*** Opening of Supplied information ***

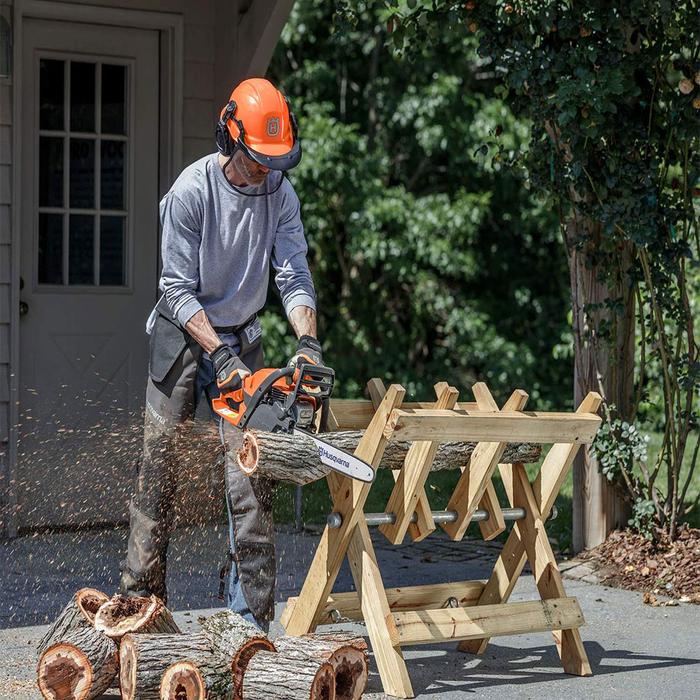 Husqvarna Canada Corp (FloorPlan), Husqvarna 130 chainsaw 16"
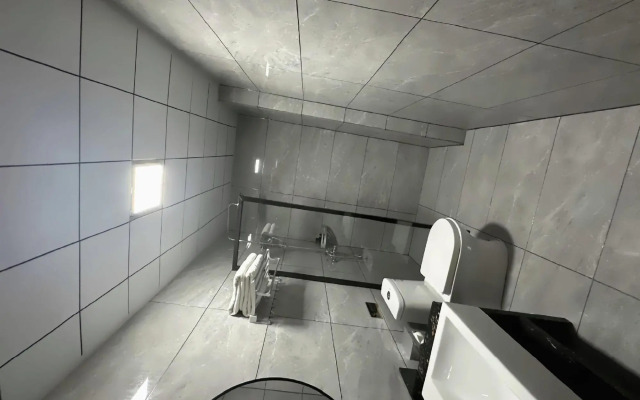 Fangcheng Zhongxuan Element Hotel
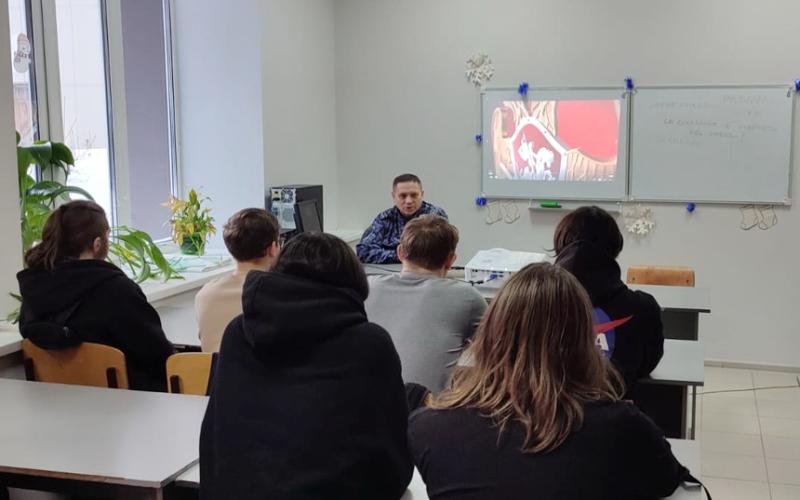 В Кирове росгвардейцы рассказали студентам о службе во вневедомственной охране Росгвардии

*** Close of Supplied information ***

• **Exercise requirements**
Transcribe all of the material exactly, leaving out whatever pictures it contains.

• **Output for this exercise**
 Husqvarna Canada Corp (FloorPlan), Husqvarna 130 chainsaw 16"
 Fangcheng Zhongxuan Element Hotel
 В Кирове росгвардейцы рассказали студентам о службе во вневедомственной охране Росгвардии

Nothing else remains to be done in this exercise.